Goal of the exercise: I need every line from the start of the material below up to and including the line containing "Presidente Abinader destaca", restated exactly, with the pictures omitted.

Data segment:

════════════════

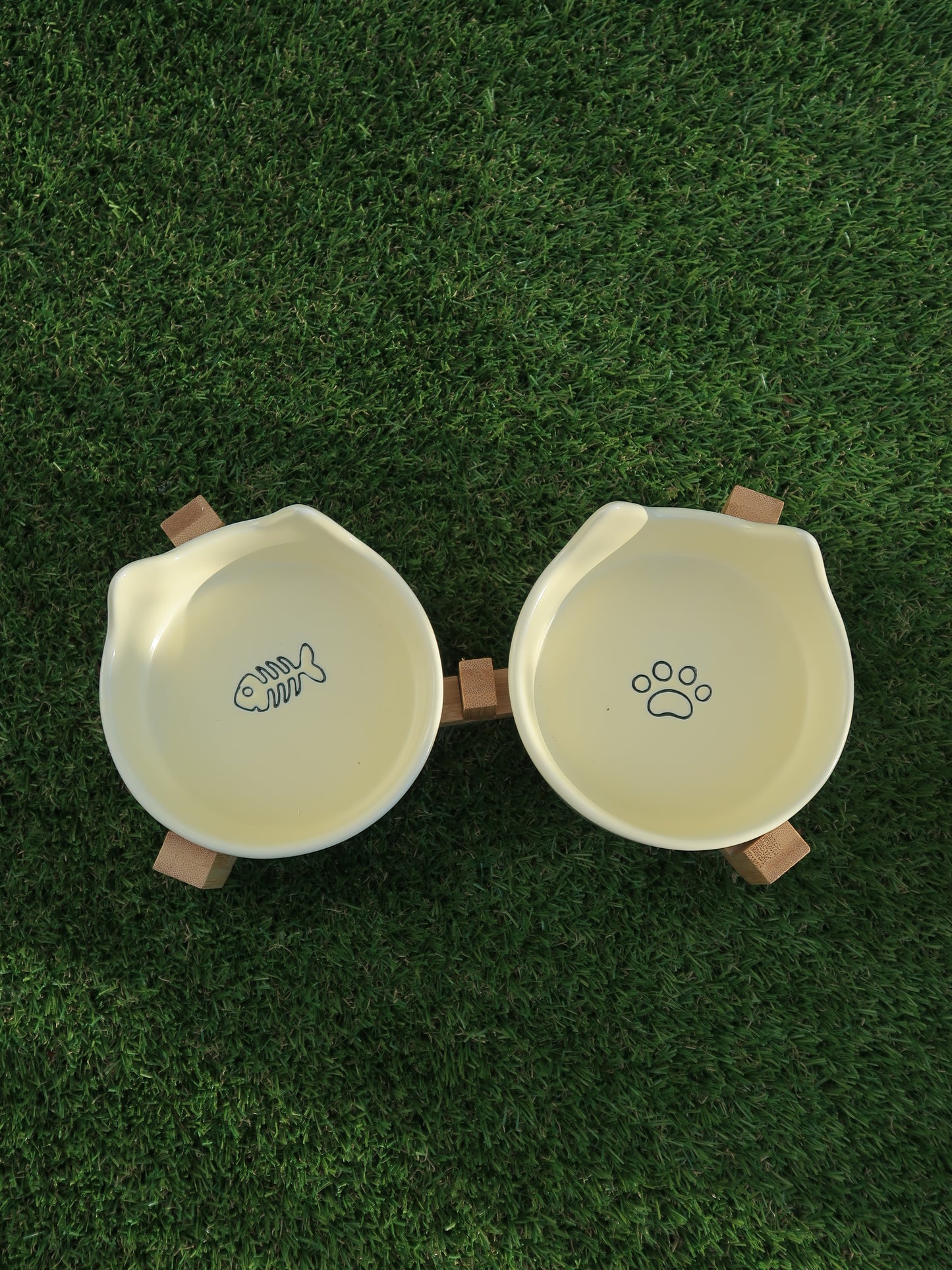 Cat‑Ear Ceramic Pet Bowl Duo [Yellow]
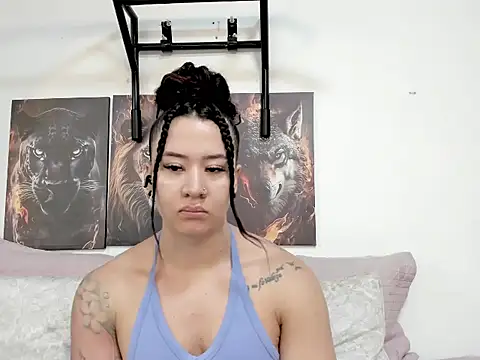 Snapshot of AngelMartinss chatting on 05-26-26, 03:08 AngelMartinss online show from 05-26-26, 03:08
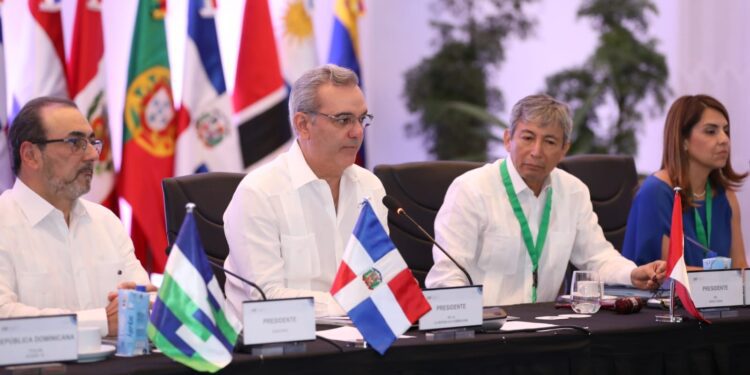 Presidente Abinader destaca sociedad entre RD y CAF facilitará crecimiento económico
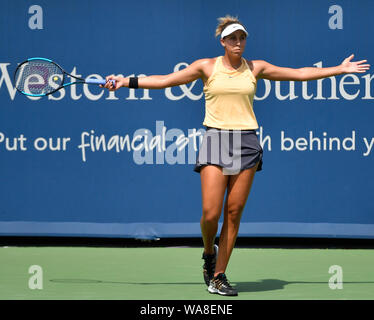 Mason, Ohio, USA. 18 Aug, 2019. August 18, 2019: Madison (USA) besiegte Svetlana Kuznetsova (RUS) 7-5, 7-6, am Westlichen und Südlichen Öffnen bei Lindner Family Tennis Center in Mason, Ohio gespielt wird. © Leslie Billman/Tennisclix/CSM Credit: Cal Sport Media/Alamy leben Nachrichten Stockfoto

════════════════

Answer box:
 Cat‑Ear Ceramic Pet Bowl Duo [Yellow]
 Snapshot of AngelMartinss chatting on 05-26-26, 03:08 AngelMartinss online show from 05-26-26, 03:08
 Presidente Abinader destaca sociedad entre RD y CAF facilitará crecimiento económico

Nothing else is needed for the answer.